Senator Paul’s second piece of evidence appears to originate from a meme that was passed around conservative circles a few years ago featuring a picture of Hitler with an alleged quotation beginning with “We are socialists…” A snopes.com fact check on the meme quickly deemed it to be false, in part on the grounds that the quote was not from Hitler at all, but from Gregor Strasser.

Paul understands this much, but he still uses the same text from the meme and says: “Likewise, the Nazi Gregory Strasser spoke of his fellow Nazis thus: ‘We are socialists. We are enemies, mortal enemies, of the present capitalist economic system with its exploitation of the economically weak, with its injustice in wages, with its immoral evaluation of individuals according to wealth and money instead of responsibility and achievement, and we are determined under all circumstances to abolish this system!’”

But as the snopes.com post further notes, Gregor Strasser is a peculiar Nazi to quote on this or any point.

Strasser was indeed a Nazi, with thoroughly reprehensible nationalistic and anti-semitic views that he mixed with some traditionally left-leaning economic ideas. And he was a high-ranking one, running both the party’s propaganda department and its day-to-day operations for a time.

But whatever left-leaning ideas he had were, by the late 1920s, thoroughly rejected by Hitler. Strasser resigned from any position of authority within the party by the end of 1932, before the Nazis came to power in 1933, and he was literally murdered by the Nazis in the “Night of the Long Knives” in early 1934, when Hitler had hundreds of political opponents extrajudicially executed — including, crucially, Strasser’s entire wing of the party.

If the best Senator Paul can do to represent the Nazis as socialist is to quote a Nazi whose views got him and others like him kicked out of the party and murdered — and whose reactionary views are regarded as completely despicable by every single major current of socialists today — then he is not doing very well.

Again we have the same two possibilities with respect to the Senator: either he did not take five minutes to find out who Strasser was, or he decided to sweep that information under the rug — perhaps thinking that socialists would be too lazy to check.

Paul’s third source for his claim that Hitler is a socialist is an article in the Independent by George Watson. Watson bases his claims almost entirely on some things that Hitler allegedly said to his one-time advisor Otto Wagener.

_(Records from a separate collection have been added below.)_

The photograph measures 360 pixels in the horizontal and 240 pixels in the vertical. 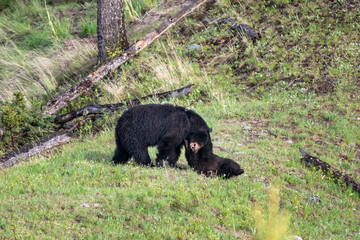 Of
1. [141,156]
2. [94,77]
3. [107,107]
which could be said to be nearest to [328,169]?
[141,156]

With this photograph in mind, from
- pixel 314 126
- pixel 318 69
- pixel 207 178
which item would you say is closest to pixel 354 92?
pixel 318 69

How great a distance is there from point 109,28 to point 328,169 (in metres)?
8.56

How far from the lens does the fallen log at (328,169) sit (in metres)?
7.36

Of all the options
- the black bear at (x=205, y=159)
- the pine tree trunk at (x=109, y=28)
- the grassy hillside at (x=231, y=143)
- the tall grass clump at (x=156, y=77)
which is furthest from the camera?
the pine tree trunk at (x=109, y=28)

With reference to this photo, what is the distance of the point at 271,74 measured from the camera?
42.1 ft

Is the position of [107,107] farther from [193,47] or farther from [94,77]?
[193,47]

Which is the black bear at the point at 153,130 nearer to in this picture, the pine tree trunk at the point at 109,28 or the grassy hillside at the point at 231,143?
the grassy hillside at the point at 231,143

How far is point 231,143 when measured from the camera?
29.0 ft

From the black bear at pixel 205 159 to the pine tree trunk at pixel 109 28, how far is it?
6.83 m

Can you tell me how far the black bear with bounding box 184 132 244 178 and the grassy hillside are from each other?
33cm

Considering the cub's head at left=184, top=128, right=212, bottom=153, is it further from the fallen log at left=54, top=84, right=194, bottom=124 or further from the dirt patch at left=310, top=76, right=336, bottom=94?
the dirt patch at left=310, top=76, right=336, bottom=94

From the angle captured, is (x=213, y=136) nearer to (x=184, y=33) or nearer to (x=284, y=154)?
(x=284, y=154)

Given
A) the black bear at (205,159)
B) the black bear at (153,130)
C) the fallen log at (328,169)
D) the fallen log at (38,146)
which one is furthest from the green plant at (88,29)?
the fallen log at (328,169)

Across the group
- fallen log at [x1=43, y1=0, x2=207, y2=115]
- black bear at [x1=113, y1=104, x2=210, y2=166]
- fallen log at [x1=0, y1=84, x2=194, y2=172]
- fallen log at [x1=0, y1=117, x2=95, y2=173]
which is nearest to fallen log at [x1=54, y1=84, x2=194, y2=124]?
fallen log at [x1=0, y1=84, x2=194, y2=172] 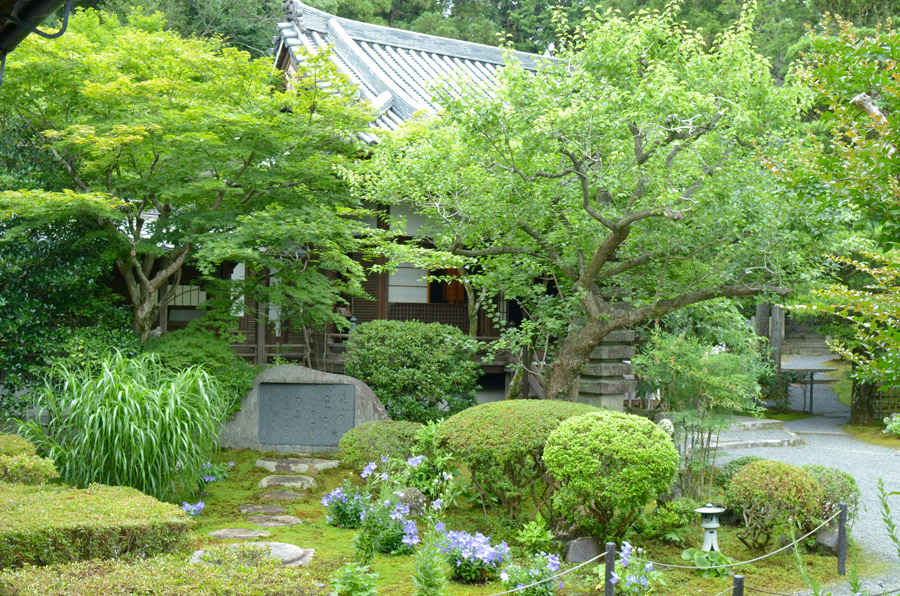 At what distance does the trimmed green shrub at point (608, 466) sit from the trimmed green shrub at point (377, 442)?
2.58m

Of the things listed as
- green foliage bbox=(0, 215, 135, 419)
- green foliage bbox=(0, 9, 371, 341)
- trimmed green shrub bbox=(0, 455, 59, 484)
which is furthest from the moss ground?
green foliage bbox=(0, 9, 371, 341)

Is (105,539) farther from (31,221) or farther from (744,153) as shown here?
(744,153)

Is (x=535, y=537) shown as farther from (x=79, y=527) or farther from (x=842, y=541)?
(x=79, y=527)

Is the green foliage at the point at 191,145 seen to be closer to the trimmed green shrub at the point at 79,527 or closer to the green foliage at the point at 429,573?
the trimmed green shrub at the point at 79,527

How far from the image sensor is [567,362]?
955 centimetres

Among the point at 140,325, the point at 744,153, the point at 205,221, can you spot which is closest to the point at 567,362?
the point at 744,153

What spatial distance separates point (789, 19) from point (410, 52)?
9590 millimetres

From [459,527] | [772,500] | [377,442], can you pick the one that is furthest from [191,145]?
[772,500]

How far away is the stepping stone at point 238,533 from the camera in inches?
277

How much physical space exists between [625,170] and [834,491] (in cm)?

Wagener’s recollections were posthumously published in German in 1978 in a book with a title that translates as Hitler up Close: Notes from a Confidant 1929–1932. Why only to 1932? Because Wagener was soon thereafter removed from his position of authority and was even detained in the Night of the Long Knives. Wagener wrote the text while a prisoner of war in 1946.

Wagener reports that Hitler said he saw the whole of National Socialism as based on Marx. That’s an odd claim on the part of Wagener, given the document I noted above signed by Hitler, according to which the Nazi Party “stands on the basis of private property” — not a characteristically Marxist idea.

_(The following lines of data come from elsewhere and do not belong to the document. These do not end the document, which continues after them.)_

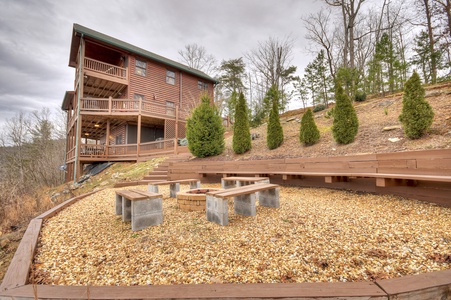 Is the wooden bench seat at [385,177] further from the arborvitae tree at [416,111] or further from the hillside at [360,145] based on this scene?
the arborvitae tree at [416,111]

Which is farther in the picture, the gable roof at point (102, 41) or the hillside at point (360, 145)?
the gable roof at point (102, 41)

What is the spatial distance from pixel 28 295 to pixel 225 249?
1637 millimetres

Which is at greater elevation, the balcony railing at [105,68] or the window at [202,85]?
the window at [202,85]

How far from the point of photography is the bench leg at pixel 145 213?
9.23ft

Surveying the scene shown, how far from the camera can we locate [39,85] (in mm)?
27172

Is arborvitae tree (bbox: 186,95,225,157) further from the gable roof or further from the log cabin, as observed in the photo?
the gable roof

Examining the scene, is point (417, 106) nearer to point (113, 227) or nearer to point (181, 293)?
point (181, 293)

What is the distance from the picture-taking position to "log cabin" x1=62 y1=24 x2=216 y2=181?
1196 centimetres

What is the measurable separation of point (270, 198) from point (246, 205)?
0.69m

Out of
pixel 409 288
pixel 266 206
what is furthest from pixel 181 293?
pixel 266 206

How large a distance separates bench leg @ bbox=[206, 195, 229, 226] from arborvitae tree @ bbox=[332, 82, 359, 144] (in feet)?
17.4

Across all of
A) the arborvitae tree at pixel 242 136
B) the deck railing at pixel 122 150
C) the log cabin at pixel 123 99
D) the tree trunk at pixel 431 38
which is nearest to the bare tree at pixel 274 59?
the log cabin at pixel 123 99

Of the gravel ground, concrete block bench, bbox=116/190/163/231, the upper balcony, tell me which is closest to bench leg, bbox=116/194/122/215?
the gravel ground

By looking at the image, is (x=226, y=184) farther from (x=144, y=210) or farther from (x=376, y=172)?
(x=376, y=172) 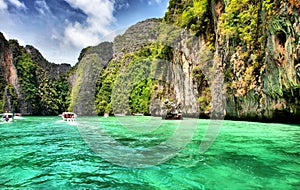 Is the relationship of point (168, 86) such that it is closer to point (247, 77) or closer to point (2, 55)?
point (247, 77)

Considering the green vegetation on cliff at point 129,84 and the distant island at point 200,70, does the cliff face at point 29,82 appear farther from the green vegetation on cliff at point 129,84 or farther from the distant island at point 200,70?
the green vegetation on cliff at point 129,84

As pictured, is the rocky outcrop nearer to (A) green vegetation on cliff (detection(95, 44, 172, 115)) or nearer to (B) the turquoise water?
(A) green vegetation on cliff (detection(95, 44, 172, 115))

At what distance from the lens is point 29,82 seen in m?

More generally, if the best evidence we have for the Nazi government being socialist are a few scattered comments that Hitler allegedly made in private, before taking power, and to someone who was drummed out of the party, then this is rather weak evidence indeed.

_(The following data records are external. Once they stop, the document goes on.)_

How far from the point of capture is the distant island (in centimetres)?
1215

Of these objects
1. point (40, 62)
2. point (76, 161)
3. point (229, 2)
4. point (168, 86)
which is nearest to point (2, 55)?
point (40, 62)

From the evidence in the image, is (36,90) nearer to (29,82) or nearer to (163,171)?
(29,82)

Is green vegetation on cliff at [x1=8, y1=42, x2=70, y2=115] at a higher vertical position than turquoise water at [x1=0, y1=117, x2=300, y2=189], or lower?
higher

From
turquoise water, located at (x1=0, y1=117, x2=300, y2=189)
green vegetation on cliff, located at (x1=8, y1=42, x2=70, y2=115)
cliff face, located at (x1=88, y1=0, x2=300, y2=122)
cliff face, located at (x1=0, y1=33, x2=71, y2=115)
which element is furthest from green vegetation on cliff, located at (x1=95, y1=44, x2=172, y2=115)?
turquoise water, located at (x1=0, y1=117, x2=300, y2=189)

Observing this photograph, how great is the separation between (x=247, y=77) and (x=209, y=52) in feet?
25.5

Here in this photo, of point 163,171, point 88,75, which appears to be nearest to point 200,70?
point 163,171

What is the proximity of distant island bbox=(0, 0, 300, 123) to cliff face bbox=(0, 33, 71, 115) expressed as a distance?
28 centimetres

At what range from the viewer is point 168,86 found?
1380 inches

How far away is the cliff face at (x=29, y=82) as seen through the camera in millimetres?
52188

By comparison, suppose that there was a book published in the 1990s by someone claiming that Ronald Reagan had said privately in 1977 that his core ideas were based on the writings of Trotsky, but that the author of this book was driven out of the Republican Party in early 1981 and played no further role in Reagan’s administration. Would we take that as decisive evidence — or as any evidence at all — that Reagan’s presidency in the eighties was Trotskyist?

The Opposite of Socialism

Instead of relying on what they supposedly said, let’s look at what the Nazis did while in power.

For starters, the Nazis took the eighty-one duly elected members of parliament from the German Communist Party and imprisoned them in Nazi-run concentration camps. The Nazis also arrested twenty-six of the hundred-and-twenty elected Social Democrats.

This was not mere spite — by keeping these representatives from being present in the German Parliament, the Nazis were able to pass the Enabling Act, which essentially gave Hitler dictatorial power, for it was only these left-wing parties that dared oppose Hitler.

Once they had absolute power, if the Nazis were really socialists you might expect them to, well, act like socialists. In particular, the classic defining feature of a socialism is collective ownership of the means of production. Did the Nazis increase collective ownership by nationalizing private resources? No. In fact, they did the opposite.

In a 2010 article in the Economic History Review, Germà Bel reports that “the Nazi government in 1930s Germany implemented a large-scale privatization policy” that involved selling off “public ownership in several state-owned firms” that operated in the sectors of “steel, mining, banking, shipyard, ship-lines, and railways.”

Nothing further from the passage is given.